Written and directed by Ryan Coogler (Fruitvale Station, Creed), the excitement surrounding Black Panther partially stemmed from its predominately all-star black cast. Stellar actors and actresses such as Chadwick Boseman (Black Panther/T’Challa), Michael B. Jordan (Erik “Killmonger” Stevens), Lupita Nyong’o (Nakia), Danai Gurira (Okoye), Daniel Kaluuya (W’Kabi), Letitia Wright (Shuri), Winston Duck (M’Baku), Forest Whitaker (Zuri), and Angela Bassett (Ramonda) dominate the roster.

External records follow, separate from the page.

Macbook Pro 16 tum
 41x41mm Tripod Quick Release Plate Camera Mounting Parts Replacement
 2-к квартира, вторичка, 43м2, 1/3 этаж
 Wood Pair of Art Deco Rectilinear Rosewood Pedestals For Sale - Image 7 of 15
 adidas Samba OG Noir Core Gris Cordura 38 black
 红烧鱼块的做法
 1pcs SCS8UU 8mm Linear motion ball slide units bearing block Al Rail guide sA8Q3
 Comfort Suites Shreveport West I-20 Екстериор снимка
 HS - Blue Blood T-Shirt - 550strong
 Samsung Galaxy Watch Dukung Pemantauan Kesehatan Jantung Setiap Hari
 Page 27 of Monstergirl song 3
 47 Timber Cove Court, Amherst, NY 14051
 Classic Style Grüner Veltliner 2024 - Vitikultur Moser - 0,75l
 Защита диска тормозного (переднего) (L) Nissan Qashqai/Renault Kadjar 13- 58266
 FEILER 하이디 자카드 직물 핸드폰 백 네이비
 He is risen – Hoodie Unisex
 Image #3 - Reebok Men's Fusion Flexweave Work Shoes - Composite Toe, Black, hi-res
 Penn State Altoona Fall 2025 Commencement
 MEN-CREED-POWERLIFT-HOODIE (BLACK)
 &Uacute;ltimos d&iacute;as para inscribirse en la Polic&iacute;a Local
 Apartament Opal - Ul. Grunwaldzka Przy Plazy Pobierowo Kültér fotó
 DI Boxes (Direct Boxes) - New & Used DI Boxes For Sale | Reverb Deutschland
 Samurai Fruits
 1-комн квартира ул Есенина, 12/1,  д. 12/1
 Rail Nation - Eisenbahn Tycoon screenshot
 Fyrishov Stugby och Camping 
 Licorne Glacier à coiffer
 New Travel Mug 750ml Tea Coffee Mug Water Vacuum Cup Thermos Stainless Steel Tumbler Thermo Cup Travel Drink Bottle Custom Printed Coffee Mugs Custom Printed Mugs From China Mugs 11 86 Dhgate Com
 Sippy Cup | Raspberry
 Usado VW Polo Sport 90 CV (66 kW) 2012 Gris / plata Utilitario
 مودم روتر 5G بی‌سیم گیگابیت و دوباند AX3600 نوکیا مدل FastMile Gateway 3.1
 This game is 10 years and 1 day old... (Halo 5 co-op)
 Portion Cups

Michael B. Jordan and Chadwick Boseman
The plot is a sub-story of Marvel Cinematic Universe’s (MCU) Captain America: Civil War where King T’Chaka of Wakanda is killed in a bombing at the United Nations (UN) by Bucky Barnes (Winter Solider). Wakanda, although incorrectly viewed as a third-world country by the UN, possesses a precious metal called vibranium, the same metal used in Captain America’s shield as well as in Black Panther’s suit. Vibranium’s kinetic energy allows for technological advances that could both harm or solve many of the world’s issues.
After the death of his father, T’Challa returns home to become king. Within the nation of Wakanda, there are five tribes; however, there is one who refuses to join the others in unison which causes a schism later due to their desire to further advance Wakanda’s national interests. Surrounded by the comfort and safety of Wakanda, when a black market deal goes bad between Agent Everett K. Ross (Martin Freeman) and Ulysses Klaue (Andy Serkis) over a stolen piece of vibranium that antagonist Erik “Killmonger” Stevens assisted in stealing, the plot thickens, forcing T’Challa to make a choice in fighting for what he believes is best not only for himself, but also his country. It is here, that Coogler’s directing genius comes into play weaving both Marvel’s significant storyline against a 21st century context.
Lupita Nyong’o and Letitia Wright
Produced by Marvel Studios, the film’s visual and cinematic qualities are breathtaking. Working with previous colleagues such as Rachel Morrison (cinematographer) and Michael B. Jordan (actor), there is an unconscious consistency and confidence that is amplified on the silver screen. Coogler also stays true to his approach of reaching moviegoers by pulling on heartstrings with a sentimental narrative contrasted with bursts of comedic intervals to break up the seriousness of what is unfolding before the audience. With Academy Award-nominated costume designer Ruth E. Carter, whose work has appeared in black awareness films like Malcolm X, Amistad, Selma, and Roots, as well as eleven-time Grammy Award winner Kendrick Lamar executively producing the soundtrack, Black Panther is thoroughly affiliated with black artistic excellence.
As one of the premiere comic book Hollywood blockbusters that in its majority is black mandated, delegated, and executed, Black Panther, since its inception in July of 1966 by Stan Lee and Jack Kirby, amplifies the pride black Americans have consistently felt to a doubtful mainstream media. Nonetheless, for this phenomenon to occur, a seat for inclusion had to be offered at the table. Black Panther sits tall and confidently at that table with its undeniable presence planting seeds for generations to come. Finally.